[[ DATASET EXTRACT, beginning ]]

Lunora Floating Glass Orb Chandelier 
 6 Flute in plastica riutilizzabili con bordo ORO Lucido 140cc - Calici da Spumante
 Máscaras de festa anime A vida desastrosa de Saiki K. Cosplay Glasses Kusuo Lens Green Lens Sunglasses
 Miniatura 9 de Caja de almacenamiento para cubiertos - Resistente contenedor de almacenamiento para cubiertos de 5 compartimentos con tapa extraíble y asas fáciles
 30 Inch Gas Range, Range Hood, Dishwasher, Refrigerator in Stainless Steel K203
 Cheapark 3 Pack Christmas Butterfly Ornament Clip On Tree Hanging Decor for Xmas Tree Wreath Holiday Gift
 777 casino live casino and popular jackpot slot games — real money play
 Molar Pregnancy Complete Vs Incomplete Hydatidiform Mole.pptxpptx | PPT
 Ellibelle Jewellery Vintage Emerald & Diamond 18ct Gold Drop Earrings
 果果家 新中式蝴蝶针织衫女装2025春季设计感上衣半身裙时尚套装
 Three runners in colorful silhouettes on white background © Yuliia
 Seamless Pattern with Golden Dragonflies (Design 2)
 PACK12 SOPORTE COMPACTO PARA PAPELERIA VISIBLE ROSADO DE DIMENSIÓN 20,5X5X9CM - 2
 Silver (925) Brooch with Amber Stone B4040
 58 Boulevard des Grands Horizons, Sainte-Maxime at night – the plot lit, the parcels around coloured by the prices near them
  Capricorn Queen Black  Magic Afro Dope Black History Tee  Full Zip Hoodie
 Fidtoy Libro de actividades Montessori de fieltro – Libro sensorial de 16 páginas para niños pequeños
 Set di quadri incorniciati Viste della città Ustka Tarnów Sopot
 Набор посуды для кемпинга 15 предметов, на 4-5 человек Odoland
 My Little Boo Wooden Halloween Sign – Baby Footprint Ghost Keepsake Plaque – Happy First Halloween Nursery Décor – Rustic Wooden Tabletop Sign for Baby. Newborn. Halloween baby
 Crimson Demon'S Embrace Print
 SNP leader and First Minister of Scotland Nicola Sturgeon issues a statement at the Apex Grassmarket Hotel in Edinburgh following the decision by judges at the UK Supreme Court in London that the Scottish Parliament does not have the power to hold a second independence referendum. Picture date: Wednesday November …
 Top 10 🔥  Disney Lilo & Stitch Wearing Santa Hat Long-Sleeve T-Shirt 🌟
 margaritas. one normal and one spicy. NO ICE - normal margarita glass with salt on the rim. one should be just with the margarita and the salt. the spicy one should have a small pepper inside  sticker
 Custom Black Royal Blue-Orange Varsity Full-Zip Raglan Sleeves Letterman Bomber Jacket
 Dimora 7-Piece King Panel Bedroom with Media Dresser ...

[[ DATASET EXTRACT, end ]]

Go through the entries above and copy each line holding the string "Black".

  Capricorn Queen Black  Magic Afro Dope Black History Tee  Full Zip Hoodie
 Custom Black Royal Blue-Orange Varsity Full-Zip Raglan Sleeves Letterman Bomber Jacket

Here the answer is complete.